**What to produce:**
Copy the listing exactly; drop the pictures.
Material shown Block Start
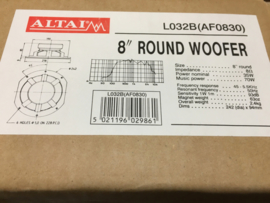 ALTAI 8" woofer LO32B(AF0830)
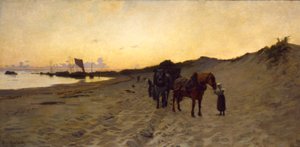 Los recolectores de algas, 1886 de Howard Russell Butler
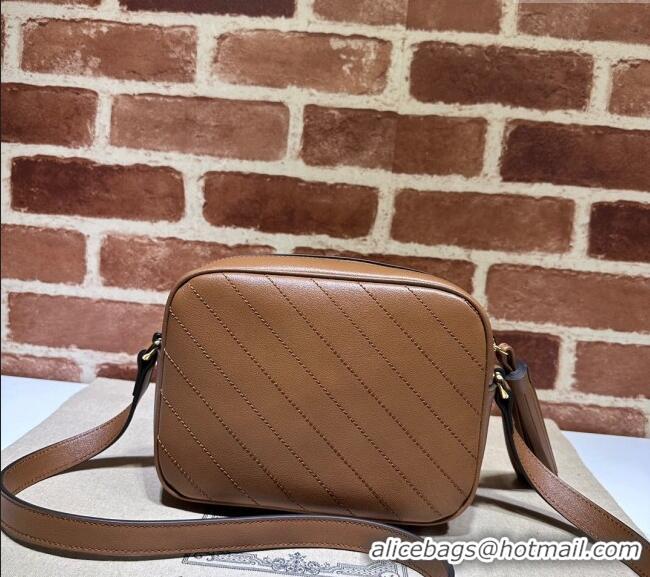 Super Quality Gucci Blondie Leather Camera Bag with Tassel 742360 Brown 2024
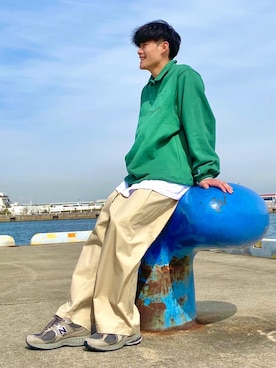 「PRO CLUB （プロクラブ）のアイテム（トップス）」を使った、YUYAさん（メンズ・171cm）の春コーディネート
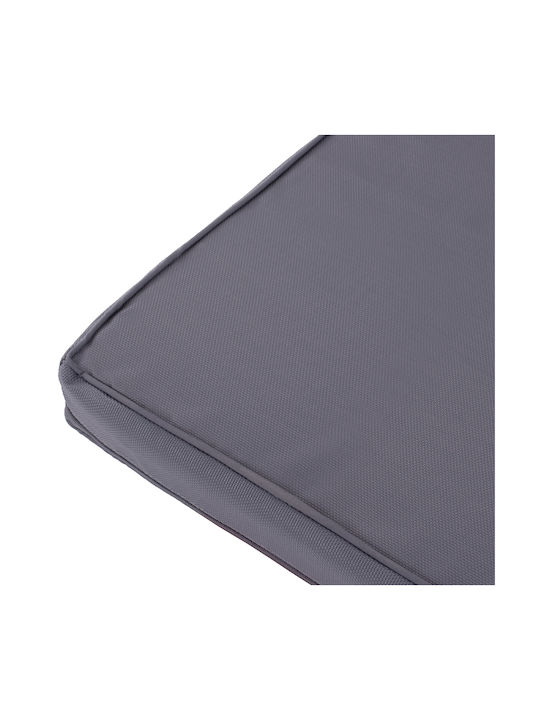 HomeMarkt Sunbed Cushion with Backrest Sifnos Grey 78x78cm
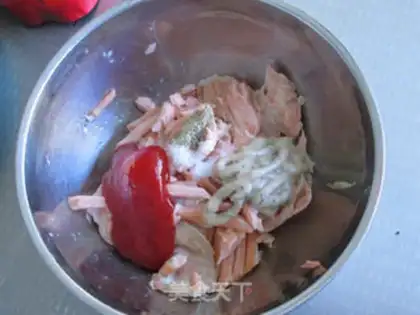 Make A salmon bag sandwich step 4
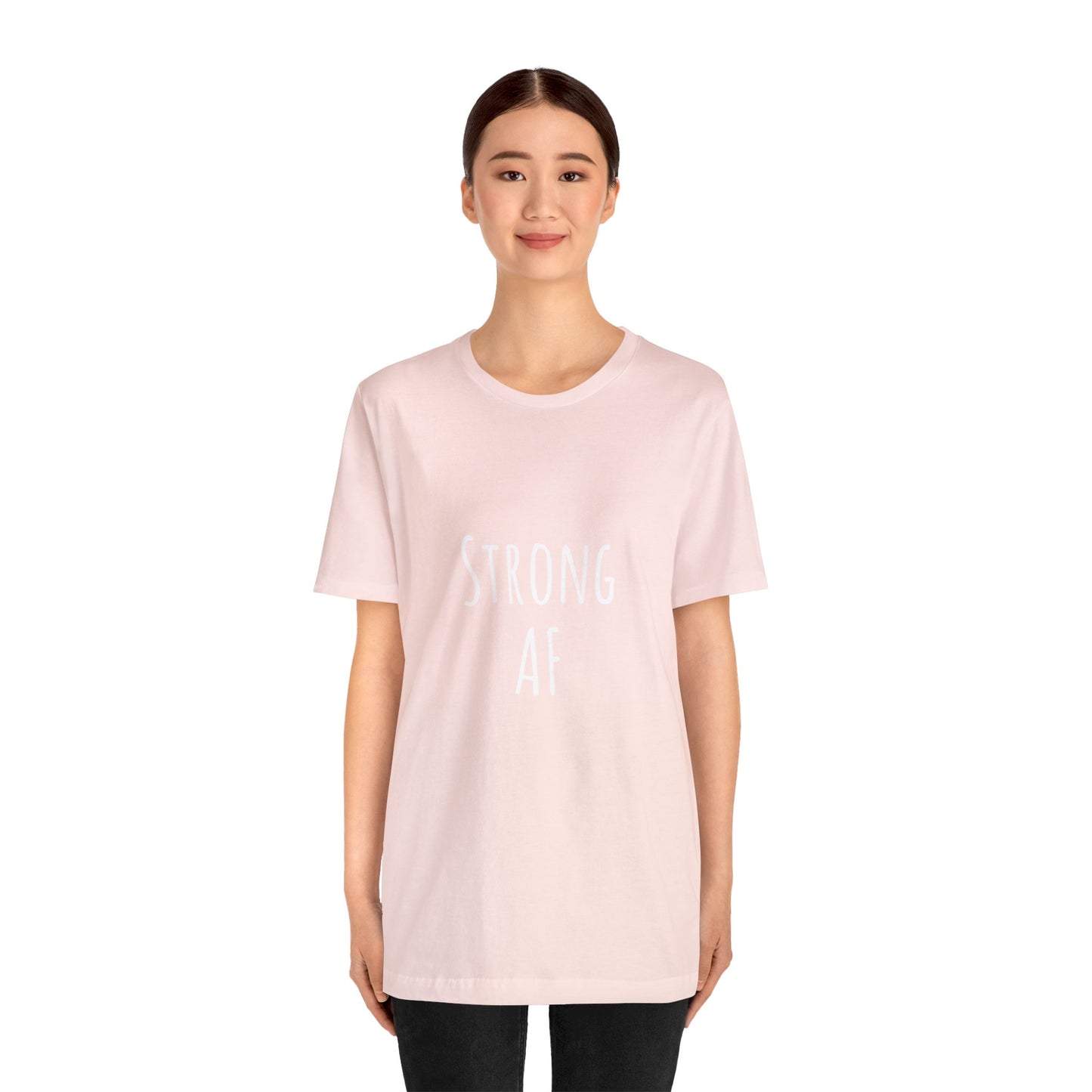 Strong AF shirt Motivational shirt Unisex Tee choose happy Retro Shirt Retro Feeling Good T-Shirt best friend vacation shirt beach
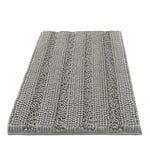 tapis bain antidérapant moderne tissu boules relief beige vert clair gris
Material shown Block End
**Written response:**
 ALTAI 8" woofer LO32B(AF0830)
 Los recolectores de algas, 1886 de Howard Russell Butler
 Super Quality Gucci Blondie Leather Camera Bag with Tassel 742360 Brown 2024
 「PRO CLUB （プロクラブ）のアイテム（トップス）」を使った、YUYAさん（メンズ・171cm）の春コーディネート
 HomeMarkt Sunbed Cushion with Backrest Sifnos Grey 78x78cm
 Make A salmon bag sandwich step 4
 Strong AF shirt Motivational shirt Unisex Tee choose happy Retro Shirt Retro Feeling Good T-Shirt best friend vacation shirt beach
 tapis bain antidérapant moderne tissu boules relief beige vert clair gris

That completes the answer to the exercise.